Photo by John F. Russell
Performers Lee Smith-Gibbons, left, and Ryan Richards run through a scene for the 2008 Picnic Theater Festival, which will be held in Spring Creek Park this weekend.
Steamboat Springs There was a time when going to the theater meant going to eat and drink and talk to your neighbor, and maybe watch a play. Stuart Handloff would like to bring Steamboat Springs back to that time.
Reviving his Great American Laughing Stock Co. for three weeks in July, Handloff has organized a three-play community theater festival. The atmosphere will be relaxed and family friendly, and, most important, it will be outdoors.
"It's getting theater out of the box - there's no venues, but even if there were, I would still want to get out in the open," Handloff said. The festival fulfills Handloff's community requirement for his graduate directing program at the New Zealand National Drama School. It also fulfills some of the needs of the local performing arts community, he said.

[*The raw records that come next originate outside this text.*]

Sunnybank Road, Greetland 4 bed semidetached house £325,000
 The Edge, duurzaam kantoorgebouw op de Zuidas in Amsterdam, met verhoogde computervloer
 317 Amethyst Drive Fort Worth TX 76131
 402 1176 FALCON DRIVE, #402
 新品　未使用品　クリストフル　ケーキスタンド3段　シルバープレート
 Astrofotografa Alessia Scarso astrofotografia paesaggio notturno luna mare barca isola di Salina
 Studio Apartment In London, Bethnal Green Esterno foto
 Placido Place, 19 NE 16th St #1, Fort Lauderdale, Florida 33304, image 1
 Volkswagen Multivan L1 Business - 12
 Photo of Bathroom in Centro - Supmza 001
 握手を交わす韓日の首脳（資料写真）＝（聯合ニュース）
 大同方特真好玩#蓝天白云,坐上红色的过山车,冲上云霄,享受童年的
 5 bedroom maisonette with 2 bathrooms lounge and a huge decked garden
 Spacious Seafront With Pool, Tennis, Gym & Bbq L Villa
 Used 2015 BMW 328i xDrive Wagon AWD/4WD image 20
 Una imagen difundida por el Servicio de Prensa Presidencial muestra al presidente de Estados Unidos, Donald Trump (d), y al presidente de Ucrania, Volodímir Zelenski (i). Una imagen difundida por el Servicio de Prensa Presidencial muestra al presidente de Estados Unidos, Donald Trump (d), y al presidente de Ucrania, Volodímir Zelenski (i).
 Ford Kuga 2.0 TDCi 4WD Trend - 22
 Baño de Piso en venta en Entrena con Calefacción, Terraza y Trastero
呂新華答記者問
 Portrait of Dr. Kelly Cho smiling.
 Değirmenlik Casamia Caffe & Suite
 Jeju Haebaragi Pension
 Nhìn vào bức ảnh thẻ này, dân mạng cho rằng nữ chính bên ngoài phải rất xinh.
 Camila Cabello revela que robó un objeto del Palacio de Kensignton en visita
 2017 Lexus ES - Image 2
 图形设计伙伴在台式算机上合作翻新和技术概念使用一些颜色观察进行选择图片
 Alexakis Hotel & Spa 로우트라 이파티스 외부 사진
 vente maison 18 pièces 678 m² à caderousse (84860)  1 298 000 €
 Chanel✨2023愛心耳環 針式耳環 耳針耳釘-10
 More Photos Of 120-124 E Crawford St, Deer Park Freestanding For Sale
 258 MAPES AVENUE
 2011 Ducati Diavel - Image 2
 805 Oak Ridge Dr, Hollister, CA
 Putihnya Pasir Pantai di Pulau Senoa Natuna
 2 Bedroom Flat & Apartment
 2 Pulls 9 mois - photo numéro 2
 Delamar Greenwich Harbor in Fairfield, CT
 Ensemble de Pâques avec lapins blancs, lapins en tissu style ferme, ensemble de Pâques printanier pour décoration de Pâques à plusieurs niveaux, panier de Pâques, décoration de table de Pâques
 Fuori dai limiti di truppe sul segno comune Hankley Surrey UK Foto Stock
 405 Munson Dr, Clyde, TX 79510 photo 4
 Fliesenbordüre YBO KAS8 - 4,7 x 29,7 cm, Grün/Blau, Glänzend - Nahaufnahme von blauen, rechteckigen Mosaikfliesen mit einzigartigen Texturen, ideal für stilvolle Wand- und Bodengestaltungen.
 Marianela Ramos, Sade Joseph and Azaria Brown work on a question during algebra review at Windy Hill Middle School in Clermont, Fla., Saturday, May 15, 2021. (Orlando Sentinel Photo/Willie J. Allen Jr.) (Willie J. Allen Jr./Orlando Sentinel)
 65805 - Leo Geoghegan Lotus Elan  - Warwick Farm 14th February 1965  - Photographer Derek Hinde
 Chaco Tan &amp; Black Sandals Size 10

"I've been involved in community theater here since 1972, and I've seen it ebb and flow. And I think it's on the crest of a wave," Handloff said. Handloff invited six actors from the New Zealand school to spend two months in Steamboat rehearsing and performing, and he said having them here will provide an element of cultural exchange. He hopes the festival will become an annual event and eventually will draw local interest and talent.
"He's using them to sort of send this project off, and hopefully as it builds the locals will be a part of it as it grows," festival actress Amy Pottinger said. The festival will run a weekly cycle of three plays: a musical comedy version of "The Three Musketeers," a collage of Shakespearean scenes, and "Skung Poomery," a children's theater piece.
"Certainly, there is a cultural exchange element, and there's a local community theater enhancement element," Handloff said. "I think we worked to do something that is kind of a family-oriented experience."
Being outdoors, there are plenty of outside elements - weather, dogs, noise, trees, rivers - that present unusual challenges, and Handloff hopes he has planned for most of them. The theater company will have bug spray on hand at the performances, and it has a rainout plan that includes weekend afternoon and Monday evening performances. Handloff has arranged parking at Steamboat Springs High School, and the acting company will entertain audience members on the walk up.
"I think what we're trying to do is to create a different kind of theater experience that is different to Colorado in general," actor Ryan Richards said.